Seume writes about my last stop:

„Itri had been ugly taken by the French. They had devastated the churches and made horse stables out of them. This is of course not very humane; nothing to be said of religiousness. The place is buried deep in a mountain gorge.“

After Itri, the road continues for a bit on the Via Appia, which is a regional road here, then you can leave it to the right on a side road that leads pleasantly through gardens and olive plantations. Again an opportunity to cover the fruit needs on the way.

Halfway along the road, however, you are again annoyed by the Via Appia for a few kilometers. Behind an imposing railroad viaduct, which from a distance I thought was an equaduct, the route continues between cement plants again on small roads until you reach the coast.

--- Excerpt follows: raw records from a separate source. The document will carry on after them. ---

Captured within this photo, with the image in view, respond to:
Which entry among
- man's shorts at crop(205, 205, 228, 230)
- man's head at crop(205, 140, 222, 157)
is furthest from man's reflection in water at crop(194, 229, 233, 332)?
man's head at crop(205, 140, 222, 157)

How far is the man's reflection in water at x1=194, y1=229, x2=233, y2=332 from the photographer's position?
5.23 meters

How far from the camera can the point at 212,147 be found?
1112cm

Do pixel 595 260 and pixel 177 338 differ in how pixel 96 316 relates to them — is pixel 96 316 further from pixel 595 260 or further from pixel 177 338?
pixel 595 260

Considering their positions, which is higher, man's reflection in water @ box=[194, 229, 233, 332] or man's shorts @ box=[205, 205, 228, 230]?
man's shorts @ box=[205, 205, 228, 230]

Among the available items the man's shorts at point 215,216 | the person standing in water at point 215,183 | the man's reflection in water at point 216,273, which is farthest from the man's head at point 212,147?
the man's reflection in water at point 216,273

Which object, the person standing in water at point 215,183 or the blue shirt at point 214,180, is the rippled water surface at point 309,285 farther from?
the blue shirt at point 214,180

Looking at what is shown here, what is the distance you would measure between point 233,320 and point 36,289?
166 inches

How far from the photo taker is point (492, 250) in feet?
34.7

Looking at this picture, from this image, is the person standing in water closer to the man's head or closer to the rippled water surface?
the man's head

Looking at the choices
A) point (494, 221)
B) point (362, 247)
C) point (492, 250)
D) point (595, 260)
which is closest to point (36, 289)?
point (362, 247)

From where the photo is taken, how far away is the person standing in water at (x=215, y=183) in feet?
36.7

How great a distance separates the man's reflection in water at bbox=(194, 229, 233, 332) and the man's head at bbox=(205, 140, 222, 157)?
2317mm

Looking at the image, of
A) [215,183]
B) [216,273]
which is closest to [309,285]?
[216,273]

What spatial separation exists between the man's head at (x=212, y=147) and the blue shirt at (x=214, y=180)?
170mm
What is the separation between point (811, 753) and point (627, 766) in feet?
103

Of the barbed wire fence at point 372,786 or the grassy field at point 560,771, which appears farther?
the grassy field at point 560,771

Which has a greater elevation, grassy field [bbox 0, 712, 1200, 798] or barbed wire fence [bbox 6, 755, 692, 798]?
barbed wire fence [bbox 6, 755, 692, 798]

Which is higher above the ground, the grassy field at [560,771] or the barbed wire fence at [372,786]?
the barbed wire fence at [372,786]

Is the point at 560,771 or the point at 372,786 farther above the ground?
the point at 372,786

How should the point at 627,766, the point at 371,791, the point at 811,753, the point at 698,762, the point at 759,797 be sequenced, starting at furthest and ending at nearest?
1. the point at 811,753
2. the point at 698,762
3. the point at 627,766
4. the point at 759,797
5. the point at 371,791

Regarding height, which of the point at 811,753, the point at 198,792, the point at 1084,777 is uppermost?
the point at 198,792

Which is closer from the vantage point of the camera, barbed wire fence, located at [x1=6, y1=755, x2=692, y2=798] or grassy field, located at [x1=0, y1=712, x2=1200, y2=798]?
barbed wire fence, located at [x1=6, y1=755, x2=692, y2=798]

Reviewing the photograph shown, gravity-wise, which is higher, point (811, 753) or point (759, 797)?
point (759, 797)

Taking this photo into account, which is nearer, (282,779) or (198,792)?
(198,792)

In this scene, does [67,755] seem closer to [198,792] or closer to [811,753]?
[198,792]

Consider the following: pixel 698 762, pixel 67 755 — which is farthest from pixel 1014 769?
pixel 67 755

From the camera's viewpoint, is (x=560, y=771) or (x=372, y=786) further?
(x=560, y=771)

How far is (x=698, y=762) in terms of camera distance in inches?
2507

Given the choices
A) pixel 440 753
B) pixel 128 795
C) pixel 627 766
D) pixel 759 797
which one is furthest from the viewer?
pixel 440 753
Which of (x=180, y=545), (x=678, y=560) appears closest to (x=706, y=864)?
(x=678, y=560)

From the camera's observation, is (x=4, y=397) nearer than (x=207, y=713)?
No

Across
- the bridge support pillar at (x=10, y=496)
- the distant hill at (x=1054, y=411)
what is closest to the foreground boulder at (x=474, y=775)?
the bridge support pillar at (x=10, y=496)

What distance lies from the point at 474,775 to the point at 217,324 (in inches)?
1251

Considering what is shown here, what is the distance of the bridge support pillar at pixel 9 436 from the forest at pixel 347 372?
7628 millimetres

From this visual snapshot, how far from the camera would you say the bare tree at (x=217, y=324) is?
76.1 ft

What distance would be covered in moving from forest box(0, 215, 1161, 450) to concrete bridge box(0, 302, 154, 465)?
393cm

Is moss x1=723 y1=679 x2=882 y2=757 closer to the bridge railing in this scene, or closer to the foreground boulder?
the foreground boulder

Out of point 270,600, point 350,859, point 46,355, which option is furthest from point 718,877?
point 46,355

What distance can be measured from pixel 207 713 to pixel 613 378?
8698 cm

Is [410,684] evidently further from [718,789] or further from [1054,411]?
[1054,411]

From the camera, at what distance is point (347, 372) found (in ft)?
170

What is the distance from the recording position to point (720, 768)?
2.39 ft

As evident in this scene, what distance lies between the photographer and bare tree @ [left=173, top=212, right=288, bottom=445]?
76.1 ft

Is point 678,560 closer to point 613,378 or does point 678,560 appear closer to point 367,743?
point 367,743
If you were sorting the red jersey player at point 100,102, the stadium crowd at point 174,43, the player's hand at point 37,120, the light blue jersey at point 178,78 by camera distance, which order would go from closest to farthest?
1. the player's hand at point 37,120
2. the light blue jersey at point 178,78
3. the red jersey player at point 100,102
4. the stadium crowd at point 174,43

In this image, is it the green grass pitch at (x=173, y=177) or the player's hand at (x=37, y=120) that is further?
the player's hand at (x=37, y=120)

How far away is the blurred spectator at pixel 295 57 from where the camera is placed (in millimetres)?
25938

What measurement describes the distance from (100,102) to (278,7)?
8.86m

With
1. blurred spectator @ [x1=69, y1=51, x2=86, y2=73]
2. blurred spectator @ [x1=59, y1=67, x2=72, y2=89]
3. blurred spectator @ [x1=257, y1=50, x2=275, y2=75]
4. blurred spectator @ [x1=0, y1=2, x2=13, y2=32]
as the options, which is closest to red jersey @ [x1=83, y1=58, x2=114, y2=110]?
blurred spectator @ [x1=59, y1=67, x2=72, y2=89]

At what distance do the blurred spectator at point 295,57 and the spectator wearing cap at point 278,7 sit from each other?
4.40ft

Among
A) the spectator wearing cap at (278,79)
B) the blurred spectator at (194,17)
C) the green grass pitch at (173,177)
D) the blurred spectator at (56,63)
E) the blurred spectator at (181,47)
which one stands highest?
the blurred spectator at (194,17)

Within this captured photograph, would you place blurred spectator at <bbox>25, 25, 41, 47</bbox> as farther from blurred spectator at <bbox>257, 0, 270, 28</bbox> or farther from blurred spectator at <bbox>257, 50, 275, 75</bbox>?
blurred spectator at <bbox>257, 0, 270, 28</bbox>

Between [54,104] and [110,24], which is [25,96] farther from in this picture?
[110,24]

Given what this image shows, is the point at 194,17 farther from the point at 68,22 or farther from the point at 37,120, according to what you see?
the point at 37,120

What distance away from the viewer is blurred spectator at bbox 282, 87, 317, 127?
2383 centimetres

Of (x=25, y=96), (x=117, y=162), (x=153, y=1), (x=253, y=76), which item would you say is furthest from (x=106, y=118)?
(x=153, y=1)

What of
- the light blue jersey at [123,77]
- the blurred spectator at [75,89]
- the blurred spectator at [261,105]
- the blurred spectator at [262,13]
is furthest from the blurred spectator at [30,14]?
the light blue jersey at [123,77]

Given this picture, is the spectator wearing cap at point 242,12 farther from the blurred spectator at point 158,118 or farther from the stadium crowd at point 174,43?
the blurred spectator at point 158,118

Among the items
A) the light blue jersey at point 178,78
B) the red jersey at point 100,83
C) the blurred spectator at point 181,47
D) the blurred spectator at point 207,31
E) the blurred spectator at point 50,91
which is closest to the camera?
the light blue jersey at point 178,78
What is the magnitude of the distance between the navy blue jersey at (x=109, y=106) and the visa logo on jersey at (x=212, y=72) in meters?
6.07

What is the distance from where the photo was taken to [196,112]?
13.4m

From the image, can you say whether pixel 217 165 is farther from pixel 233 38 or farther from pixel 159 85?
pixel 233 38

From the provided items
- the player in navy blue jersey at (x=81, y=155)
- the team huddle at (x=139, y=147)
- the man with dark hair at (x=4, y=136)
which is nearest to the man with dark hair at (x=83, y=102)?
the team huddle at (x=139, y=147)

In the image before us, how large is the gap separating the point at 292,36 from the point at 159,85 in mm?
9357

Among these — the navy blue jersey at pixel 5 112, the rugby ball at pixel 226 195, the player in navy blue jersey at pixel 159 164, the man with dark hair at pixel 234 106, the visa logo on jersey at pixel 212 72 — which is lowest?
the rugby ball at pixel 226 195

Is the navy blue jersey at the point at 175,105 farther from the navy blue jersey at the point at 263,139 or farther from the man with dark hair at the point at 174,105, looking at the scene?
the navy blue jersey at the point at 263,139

Seume will also have walked here the Via Appia, which today is a trunk road, which gave me a detour. All in all, I come to the conclusion that I may have walked more kilometers than Seume, because he was always able to take the shortest routes, such as the Via Appia, which today in many places simply cannot be used as a pedestrian.

Formia, which belongs to the municipality of Gaeta, a name Seume uses more often, is a typical tourist town. The beaches are closed off, covered with stalls, and here, too, they are affected by severe erosion. Sand walls have been built with excavators, which will probably be of little use when the next storm comes. But at least there is not such a mass of concrete castles as I found at Rimini. Everything is a bit more small-scale. Unfortunately, the city consists of two busy thoroughfares, on one of which I have my quarters.